● **STORED DATA**:
※ ※ ※
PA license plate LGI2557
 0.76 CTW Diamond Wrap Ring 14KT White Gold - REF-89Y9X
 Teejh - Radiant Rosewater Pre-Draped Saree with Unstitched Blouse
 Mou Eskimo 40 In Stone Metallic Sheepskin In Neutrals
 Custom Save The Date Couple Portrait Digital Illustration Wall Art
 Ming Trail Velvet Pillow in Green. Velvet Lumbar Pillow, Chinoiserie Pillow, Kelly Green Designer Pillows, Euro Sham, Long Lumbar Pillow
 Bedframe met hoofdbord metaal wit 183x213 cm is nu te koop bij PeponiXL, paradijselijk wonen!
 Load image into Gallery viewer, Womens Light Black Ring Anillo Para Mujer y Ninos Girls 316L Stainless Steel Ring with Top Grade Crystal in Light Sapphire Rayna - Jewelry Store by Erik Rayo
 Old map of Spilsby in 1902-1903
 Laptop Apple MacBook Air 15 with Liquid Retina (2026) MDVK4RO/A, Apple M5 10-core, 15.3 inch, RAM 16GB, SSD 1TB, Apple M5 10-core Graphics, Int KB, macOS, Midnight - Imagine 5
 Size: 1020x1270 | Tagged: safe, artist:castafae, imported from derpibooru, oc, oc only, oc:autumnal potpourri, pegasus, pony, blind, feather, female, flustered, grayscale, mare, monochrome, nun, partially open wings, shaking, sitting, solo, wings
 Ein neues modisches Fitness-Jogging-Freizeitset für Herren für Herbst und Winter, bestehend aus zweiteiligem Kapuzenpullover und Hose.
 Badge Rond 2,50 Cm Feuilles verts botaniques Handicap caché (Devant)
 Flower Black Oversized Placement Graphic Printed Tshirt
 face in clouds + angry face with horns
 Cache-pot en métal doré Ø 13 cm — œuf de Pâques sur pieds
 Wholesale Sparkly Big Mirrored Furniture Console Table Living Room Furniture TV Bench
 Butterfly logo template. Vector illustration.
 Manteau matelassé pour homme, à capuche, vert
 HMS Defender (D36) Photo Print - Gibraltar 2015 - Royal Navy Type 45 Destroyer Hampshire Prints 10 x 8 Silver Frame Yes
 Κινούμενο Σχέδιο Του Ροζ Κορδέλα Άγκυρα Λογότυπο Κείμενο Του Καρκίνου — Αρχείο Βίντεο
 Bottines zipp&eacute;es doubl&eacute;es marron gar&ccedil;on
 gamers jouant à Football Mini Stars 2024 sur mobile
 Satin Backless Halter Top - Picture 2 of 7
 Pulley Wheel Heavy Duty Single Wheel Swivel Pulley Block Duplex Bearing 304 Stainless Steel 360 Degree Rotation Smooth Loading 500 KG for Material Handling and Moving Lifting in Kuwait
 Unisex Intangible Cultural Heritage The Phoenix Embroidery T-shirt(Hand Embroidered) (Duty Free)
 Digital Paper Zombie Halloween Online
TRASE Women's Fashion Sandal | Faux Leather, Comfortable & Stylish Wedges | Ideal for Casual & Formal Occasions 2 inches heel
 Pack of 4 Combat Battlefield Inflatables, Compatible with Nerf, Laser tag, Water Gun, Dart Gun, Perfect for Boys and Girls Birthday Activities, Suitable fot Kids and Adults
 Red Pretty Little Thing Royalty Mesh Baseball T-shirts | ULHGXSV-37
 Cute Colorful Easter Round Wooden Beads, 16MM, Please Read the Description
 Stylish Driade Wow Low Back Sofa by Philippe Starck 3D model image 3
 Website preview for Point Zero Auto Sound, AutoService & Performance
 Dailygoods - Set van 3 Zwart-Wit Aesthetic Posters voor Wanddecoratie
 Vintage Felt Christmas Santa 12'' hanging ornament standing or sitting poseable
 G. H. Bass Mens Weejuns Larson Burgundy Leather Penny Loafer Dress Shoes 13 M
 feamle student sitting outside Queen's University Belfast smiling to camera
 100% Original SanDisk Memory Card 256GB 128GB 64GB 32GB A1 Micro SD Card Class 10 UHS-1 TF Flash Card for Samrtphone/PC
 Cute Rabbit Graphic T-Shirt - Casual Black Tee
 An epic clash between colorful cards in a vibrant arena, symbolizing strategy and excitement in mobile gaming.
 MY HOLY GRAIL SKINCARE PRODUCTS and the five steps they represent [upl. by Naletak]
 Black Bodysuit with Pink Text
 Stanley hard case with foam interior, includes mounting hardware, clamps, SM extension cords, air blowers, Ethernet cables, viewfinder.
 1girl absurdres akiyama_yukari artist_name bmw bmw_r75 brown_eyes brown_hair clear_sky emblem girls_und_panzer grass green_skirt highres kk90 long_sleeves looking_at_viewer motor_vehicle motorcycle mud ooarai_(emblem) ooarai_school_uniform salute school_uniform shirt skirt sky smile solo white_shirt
※ ※ ※
● **TASK DETAILS**: Give only the number of lines above holding "mobile".

● **SOLUTION**: 2